First of all, you decode data to Unicode (the absence of encoding) when reading from a file, pipe, socket, terminal, etc.; and encode Unicode to an appropriate byte encoding when sending/persisting data. I suspect this is the root of your problem.
The web service should declare the encoding in the headers or data received. print
normally automatically encodes Unicode to the terminal's encoding (discovered through sys.stdout.encoding
) or in absence of that just ascii
. If the characters in your data are not supported by the target encoding, you'll get a UnicodeEncodeError
.
Since that is not the error you received, you should post some code so we can see what your are doing. Most likely, you are encoding a byte string instead of decoding. Here's an example of this:
>>> data = '\xc2\xbd' # UTF-8 encoded 1/2 symbol.
>>> data.encode('cp437')
Traceback (most recent call last):
File "<stdin>", line 1, in <module>
File "C:\dev\python\lib\encodings\cp437.py", line 12, in encode
return codecs.charmap_encode(input,errors,encoding_map)
UnicodeDecodeError: 'ascii' codec can't decode byte 0xc2 in position 0: ordinal not in range(128)

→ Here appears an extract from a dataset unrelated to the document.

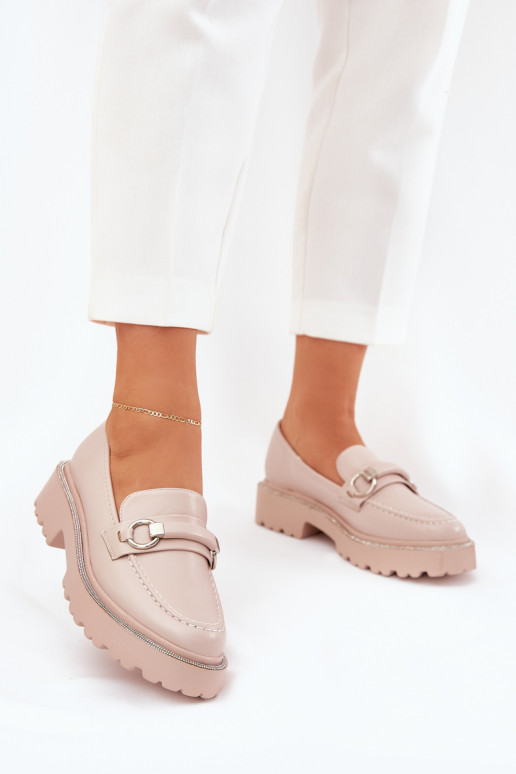 mocasines de mujer Decorado Cyrkoniami beige Patina mocasines de mujer Decorado Cyrkoniami beige Patina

What I did here is call encode
on a byte string. Since encode
requires a Unicode string, Python used the default ascii
encoding to decode the byte string to Unicode first, before encoding to cp437
.
Fix this by decoding instead of encoding the data, then print
will encode to stdout automatically. As long as your terminal supports the characters in the data, it will display properly:
>>> import sys
>>> sys.stdout.encoding
'cp437'
>>> print data.decode('utf8') # implicit encode to sys.stdout.encoding
½
>>> print data.decode('utf8').encode('cp437') # explicit encode.
½